Ich frage mich, wo die Spendenbereitschaft bleibt, wenn es um lebendige Kirchen, beispielsweise in Indien, Pakistan, Ägypten, Chile, Tansania und Nigeria geht, die aus Hass niedergebrannt werden, weil dort lebendiger Glaube verkündigt und gelebt wird. Ist uns Christen der Erhalt von Kunst tatsächlich wichtiger, als die Unterstützung derer, für die der Glaube mehr ist, als ein gewohntes Gedankenkonstrukt und deren Glaube im Alltag nicht die Rolle eines Rituals spielt, sondern ihn überhaupt erträglich werden lässt? Warum sind wir nicht berührt davon, wenn Christen außerhalb Europas leiden? Stellen Sie sich vor, wie viele Kirchen in den oben genannten Ländern mit den Abermillionen an Euro wieder errichtet werden könnten, die gerade für Notre-Dame gesammelt werden. Ganz deutlich wird: Das Geld ist da, das Herz nicht. Ich bin sicher: Es ist sogar das Geld für Notre-Dame und die architektonisch überhaupt nicht interessanten, aber von pulsierendem Leben erfüllten Kirchen in der Ländern außerhalb Europas da.

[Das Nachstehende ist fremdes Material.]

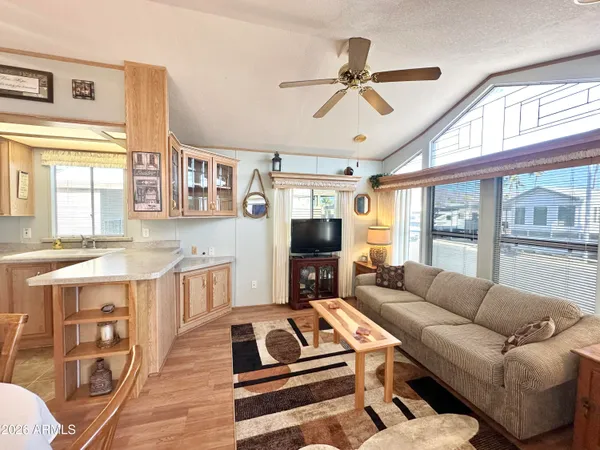 $114,900 | 916 South Mineshaft Drive, Apache Junction, AZ 85119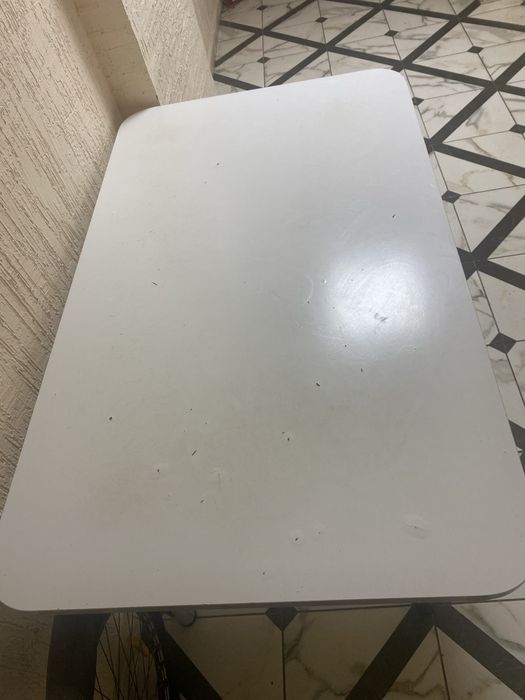 Стол кухонный продам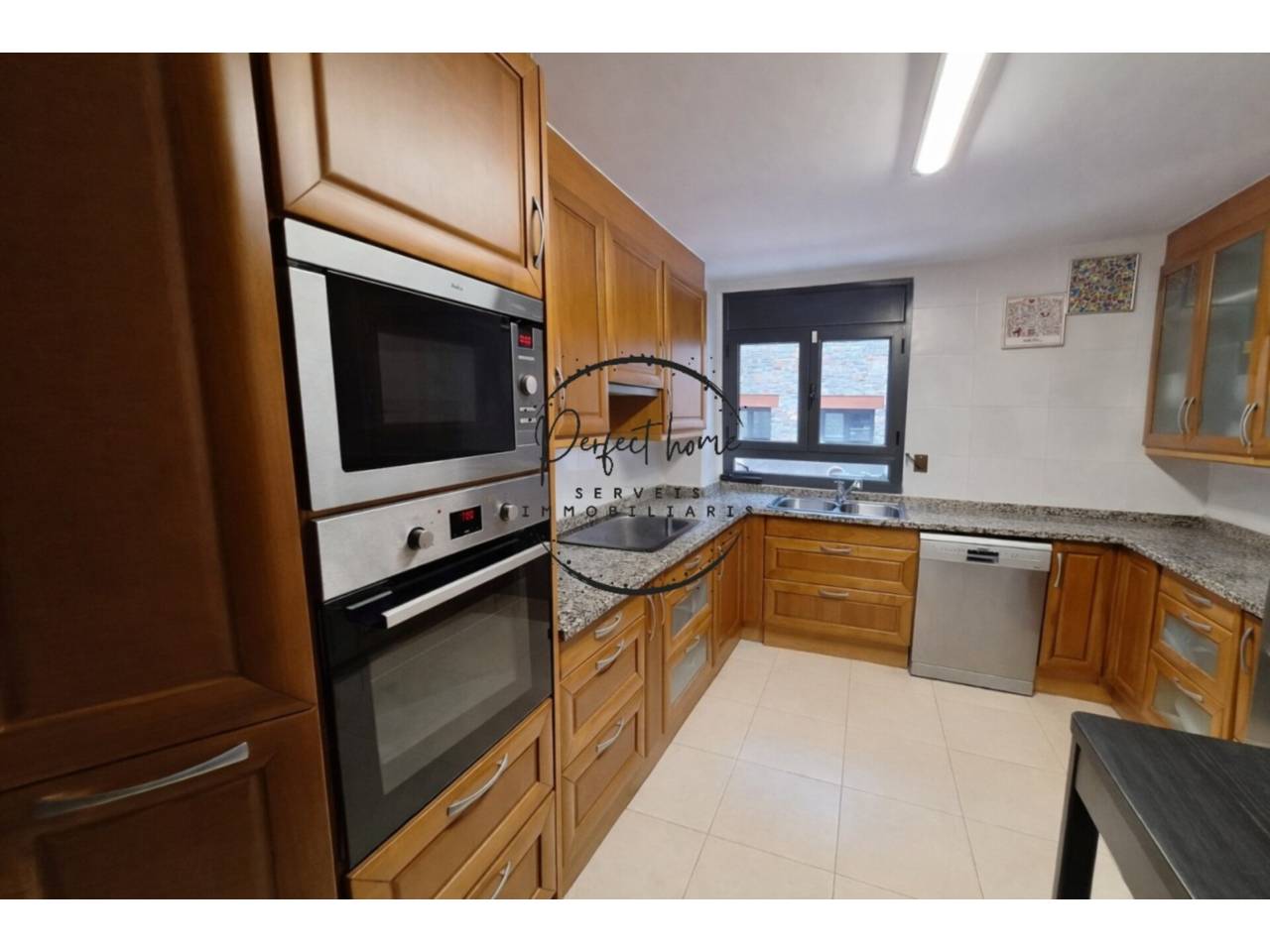 EXCLUSIU APARTAMENT AMB JARDÍ EN VENDA A LA CORTINADA-ORDINO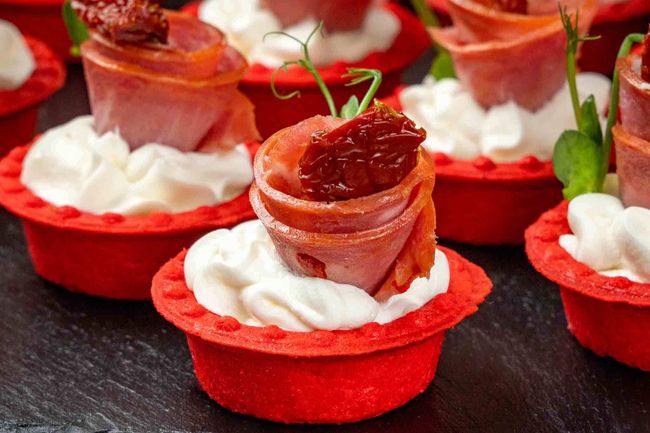 Сет к вину «Аперитив» с сыром, виноградом и чоризо, 22 шт.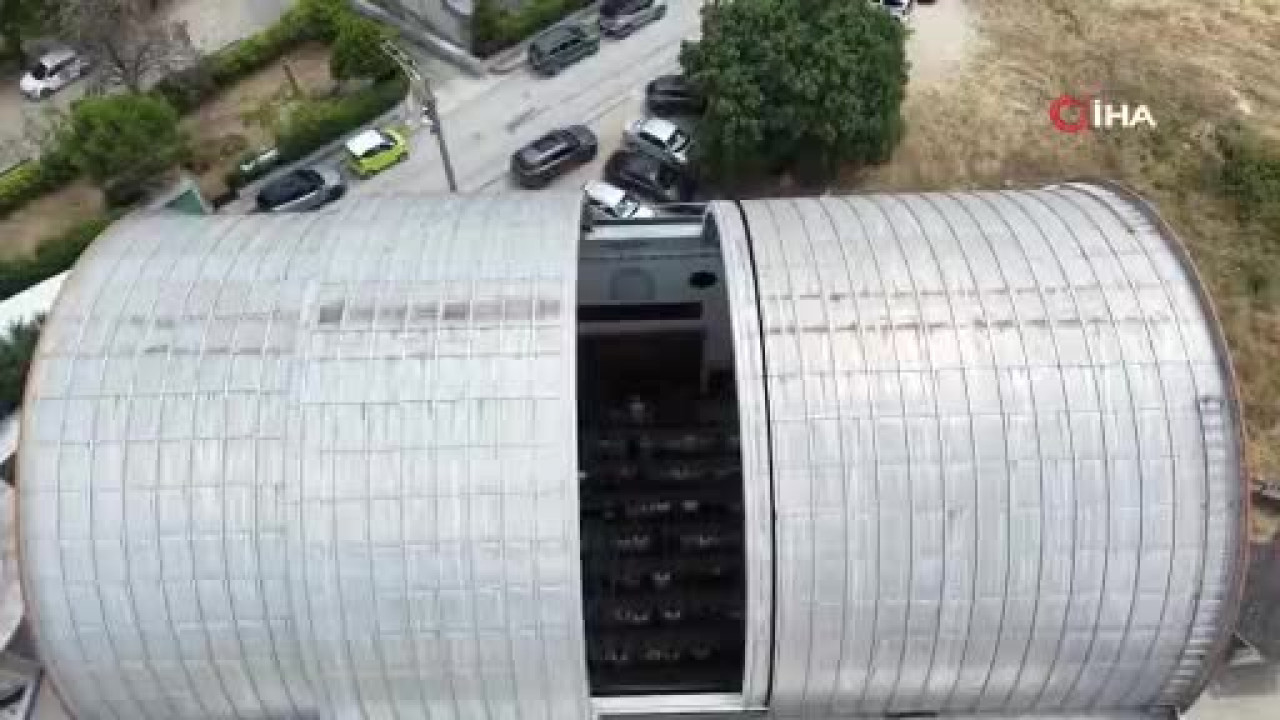 Bursa'da gören bir daha bakıyor! Otomobil sunroof'u değil, cami kubbesi...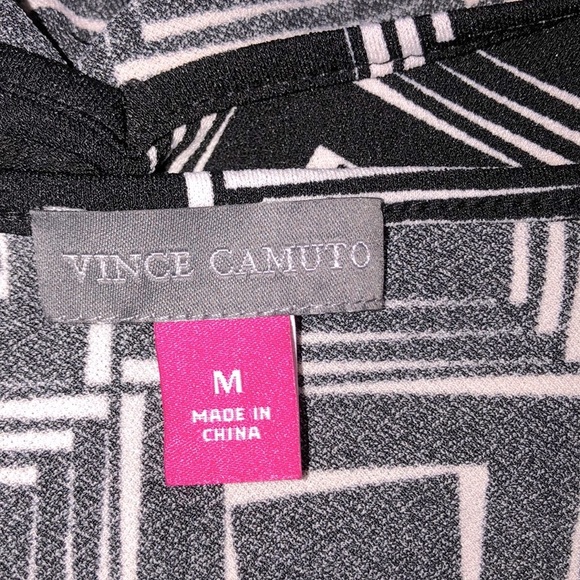 Vince Camuto size medium black modern print top - Picture 3 of 4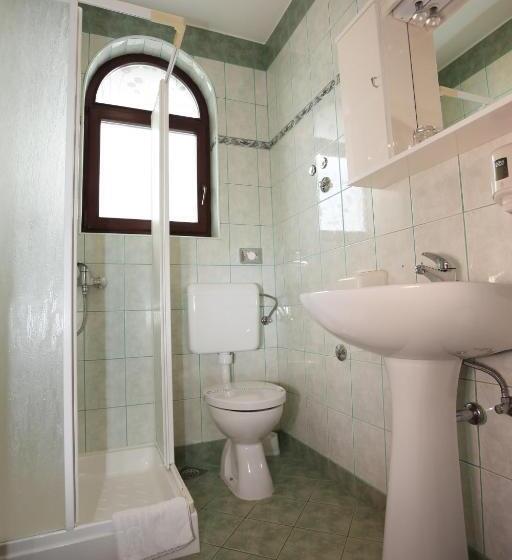 اتاق استاندارد چهار تخته, Rooms Luna Sol
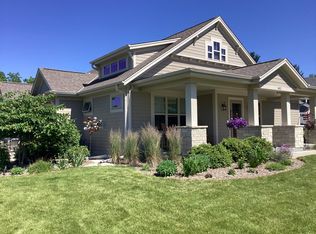 402 Park Ct, Hartland, WI 53029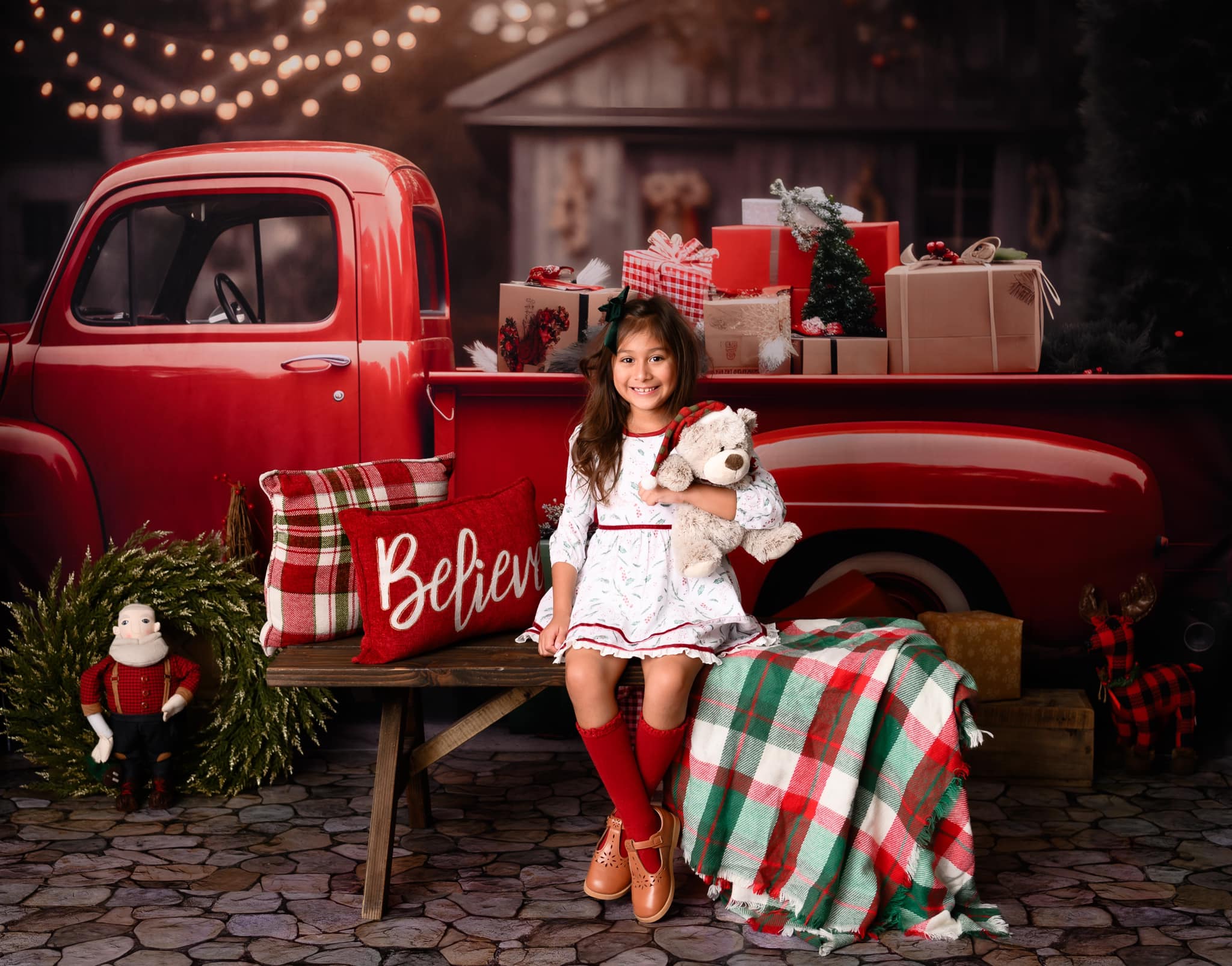 Kate Christmas Gift in Red Car Backdrop for Photography - Image 7
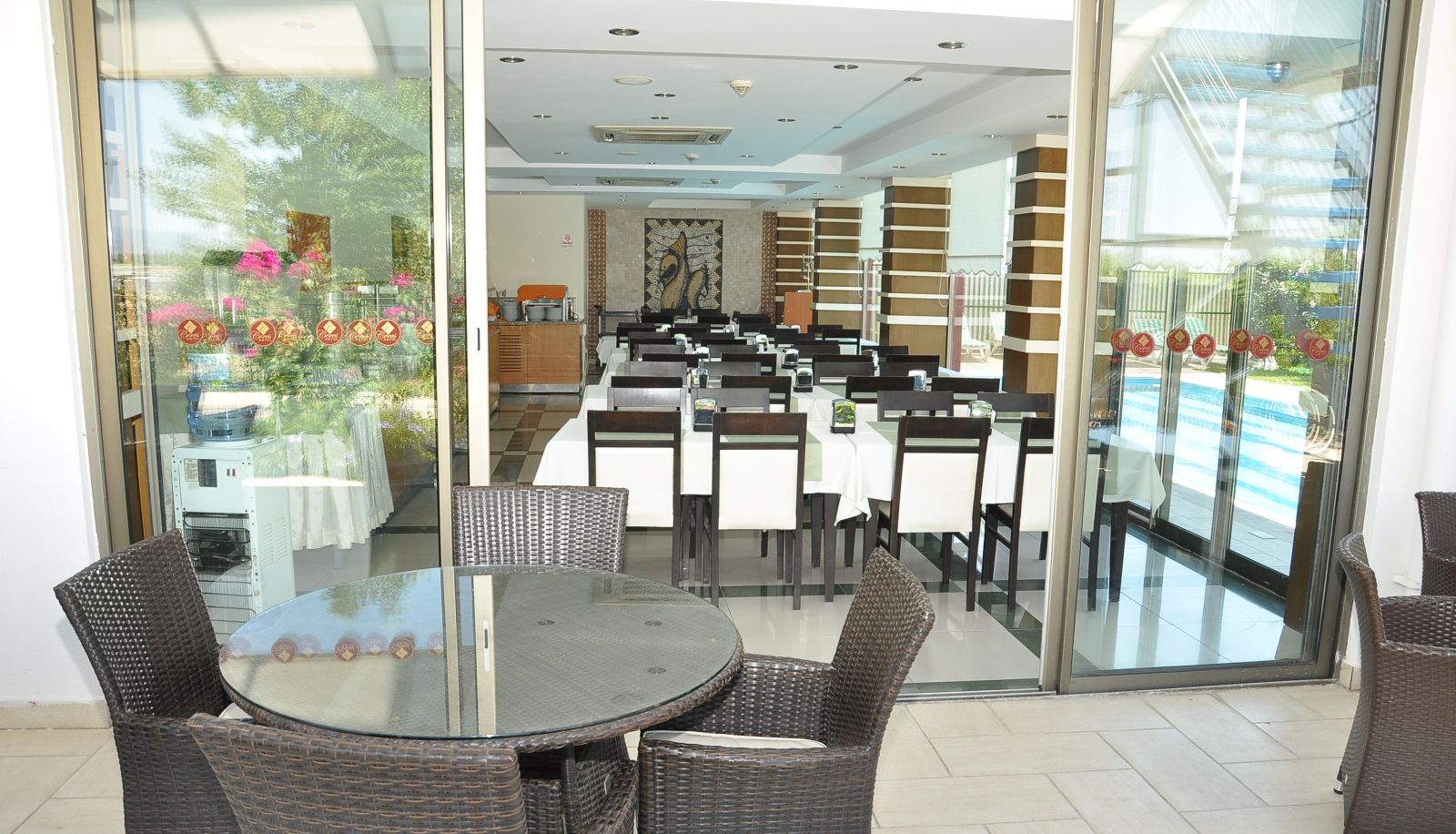 Salle de petit-déjeuner dans le restaurant - Ceres Hotel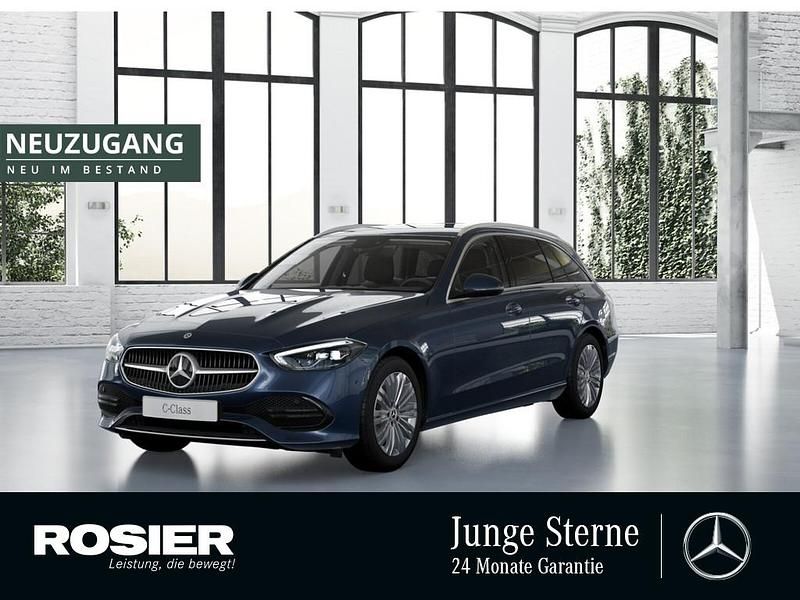 Blau / sodalithblau Gebraucht 2024 Mercedes C220 Advanced Kombi | 40.835 € (Fairer Preis) - Bild 1/4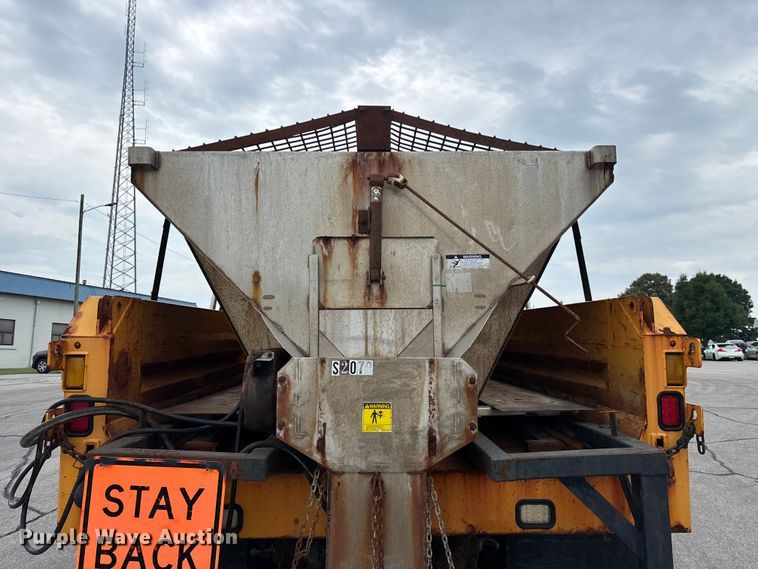 image for item FG0573 2006 International 7400 dump truck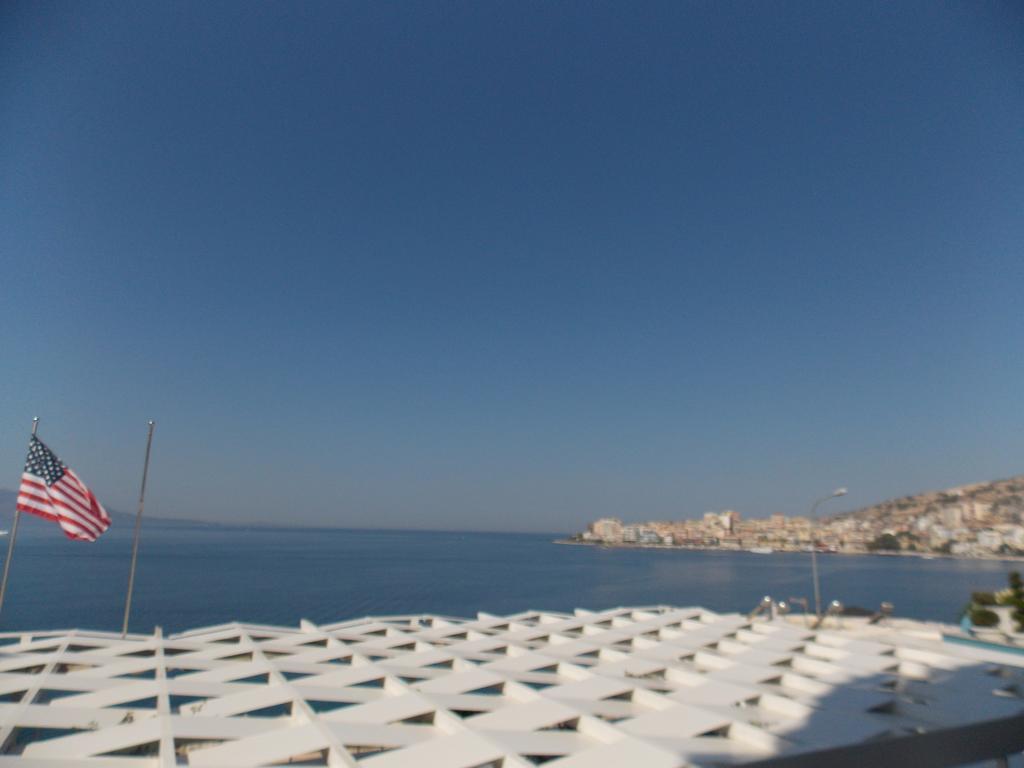 Hotel Erdano Саранде Екстериор снимка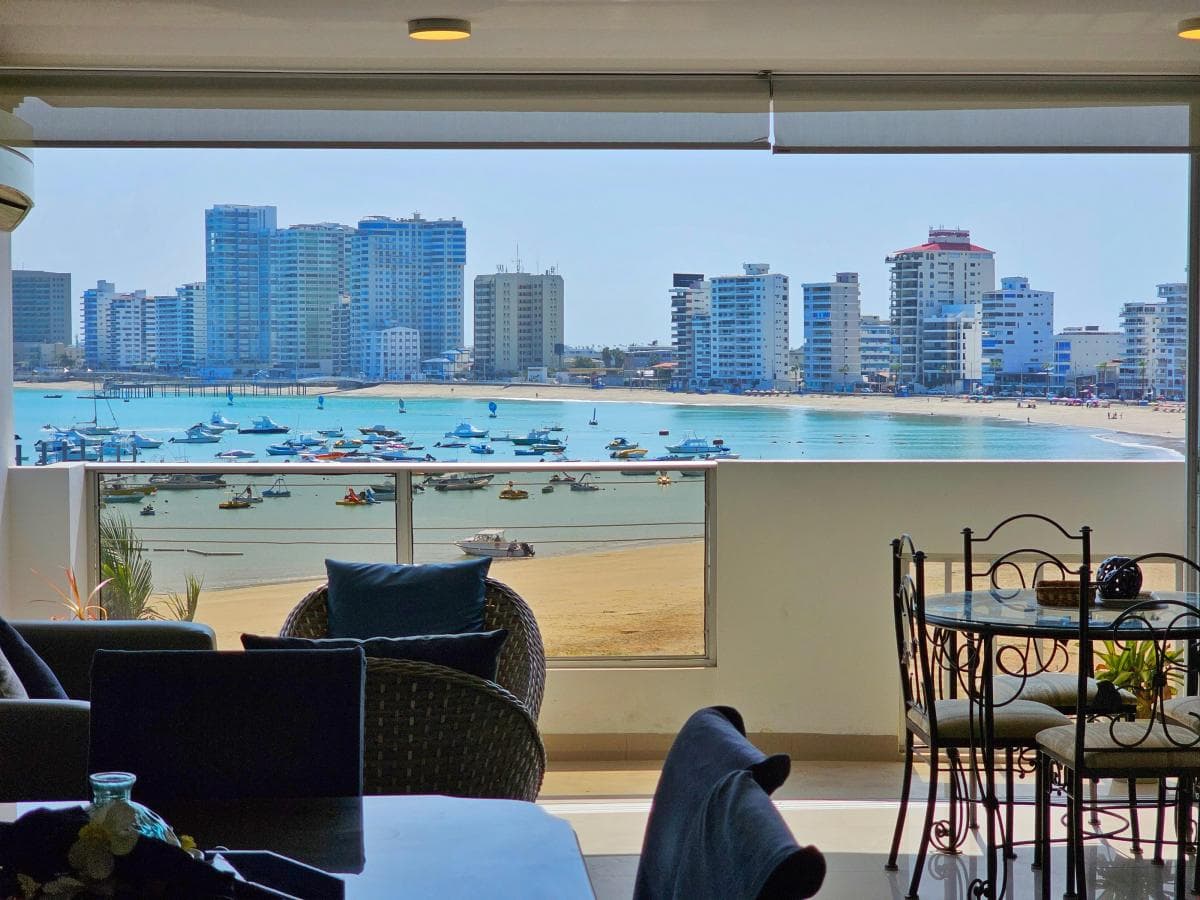 Departamento en venta en Salinas, Santa Elena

Was mich nicht nur wundert, sondern traurig macht, ist die Beobachtung, die man machen kann, wenn man sich anschaut, wie manche Christen in den sozialen Medien auf das Feuer in Paris reagieren. Sie spekulieren über eine mögliche geistliche Bedeutung. Im Internet ist nachzulesen, wie von mancher Seite vermutet wird, dass der Brand in Paris ein Zeichen Gottes sei. Das Feuer soll ein Aufruf dazu sein, sich daran zu erinnern, wofür solche fantastischen Gebäude eigentlich gebaut wurden und zugleich ein Aufruf zum Gebet und zur Umkehr zu Gott. Wirklich?

Glauben wir denn tatsächlich an einen zündelnden Gott, der durch den Brand in Paris ein Zeichen setzen möchte, das realistisch gesehen von 99% der Menschen überhaupt nicht verstanden wird? Sind wir so abgestumpft, dass uns ein Blick in die aktuellen Nachrichten nicht bedeutend genug, nicht Zeichen und Aufruf genug sind?


Ich kann nur hoffen, dass die Betroffenheit über den Brand von Notre-Dame in eine Diskussion darüber mündet, was uns Europäern eigentlich wichtig und was für uns erhaltens- und unterstützenswert ist. Vielleicht gelingt uns sogar der eingangs erwähnte Brückenschlag von einer zerstörten Kirch hin zu dem, wofür sie eigentlich steht - aber das würde mich wundern.